# CC Avy



## NikosCC (May 16, 2007)

Can someone re size this into a Avy for me pelase with a black border around it...


----------



## M.C (Jul 5, 2008)

I can resize it, but no clue how to put a border on it.


----------



## NikosCC (May 16, 2007)

Michael Carson said:


> I can resize it, but no clue how to put a border on it.


1)Can u re size it wider it looks a bit stretched out tall wise..
2) im a bigger Scrubs fan so you calm down haha


----------



## M.C (Jul 5, 2008)

Took a while, sorry, been busy.

No one is more of a Scrubs fan than myself, I'm afraid.


----------



## NikosCC (May 16, 2007)

Michael Carson said:


> Took a while, sorry, been busy.
> 
> No one is more of a Scrubs fan than myself, I'm afraid.

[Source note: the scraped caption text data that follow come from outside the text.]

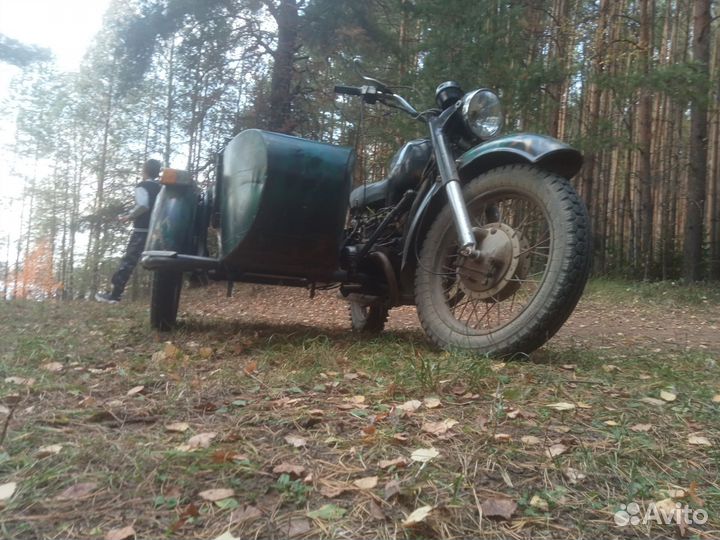 Мотоцикл Днепр мт10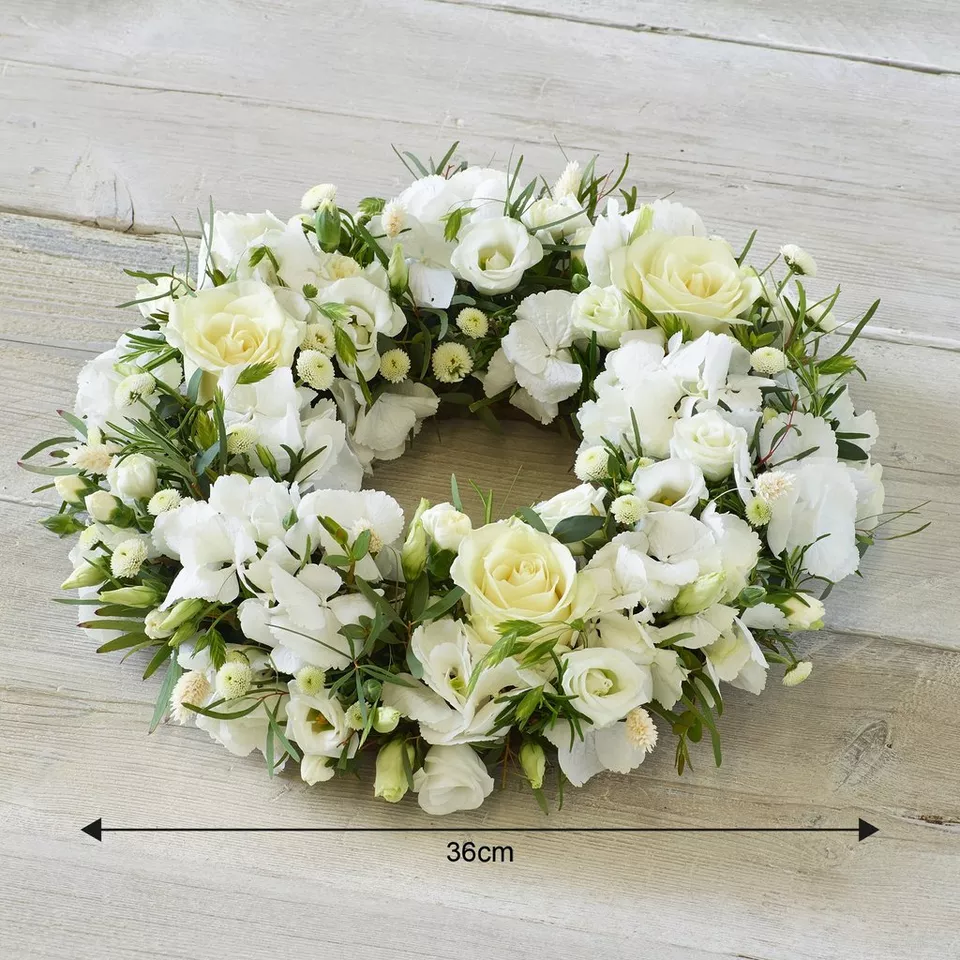 Opulent White Wreath - Image 2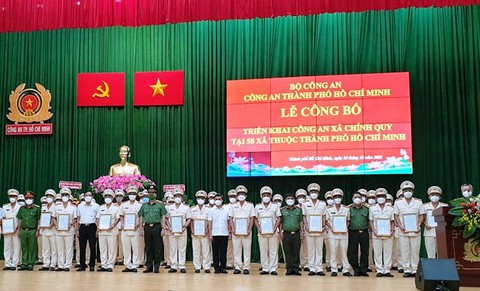 TP.HCM đưa công an chính quy về 58 xã - Ảnh 1. TP.HCM đưa công an chính quy về 58 xã - Ảnh 1.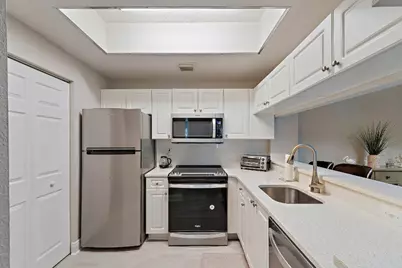 2809 Amalei Drive #203, Palm Beach Gardens, FL 33410 - Photo 12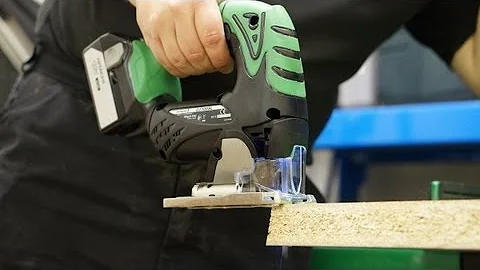 Hitachi CJ18DSL 18v Cordless Jigsaw with 4Ah batteries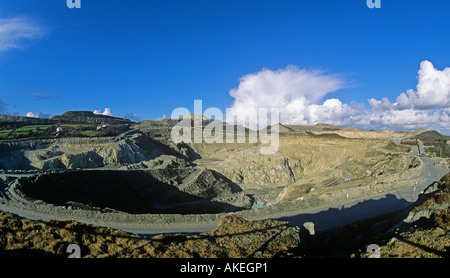 Wheal Martyn China Clay mine near St Austell Cornwall Stock Photo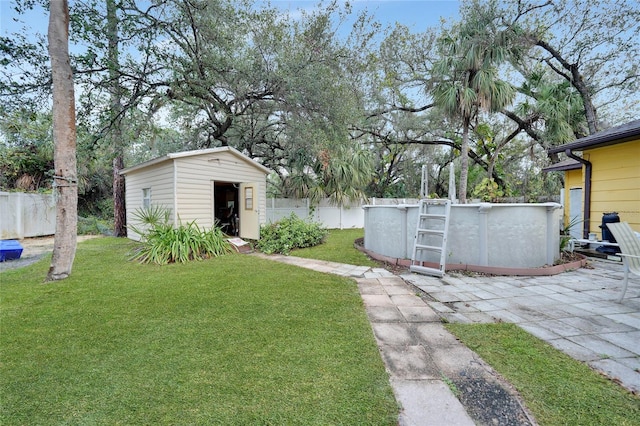 view of yard with a storage shed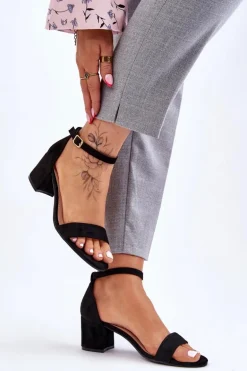 Zamszowe Sandały Na Niskim Obcasie Czarne Quincy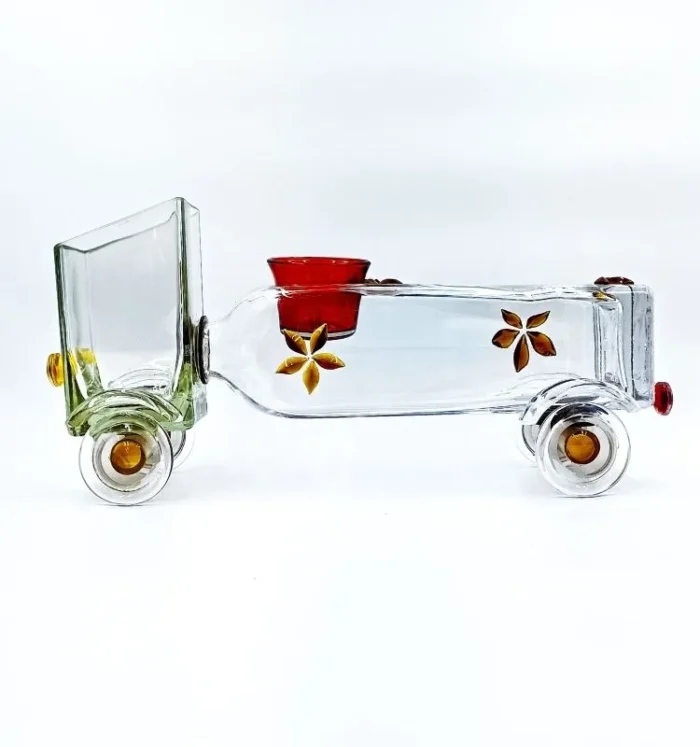 Eco-Friendly Gold Label Whisky Truck Planter - Image 5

haha i dunno man.. i can prob do better in a trivia then u ahah


----------



## Intermission (Oct 1, 2009)

Its okay because no one is a bigger Dexter fan then me.


----------



## M.C (Jul 5, 2008)

NikosCC said:


> haha i dunno man.. i can prob do better in a trivia then u ahah


Lol, nah man, I can 100% Scrubs on trivia.

Also, never watched Dexter.


----------



## Intermission (Oct 1, 2009)

Michael Carson said:


> Also, never watched Dexter.


Whhhhhhhhhhhhhhhhhhhhhhaaaaaaaaaaaaaaaaaaaaaaaaaaaaaaaaaaatttttttttttttttttttt?


----------



## M.C (Jul 5, 2008)

Yeah, never seen it.

Not even sure what it's about.


----------



## dudeabides (Sep 30, 2008)

Michael Carson said:


> Lol, nah man, I can 100% Scrubs on trivia.


Did you guys ever settle that?


----------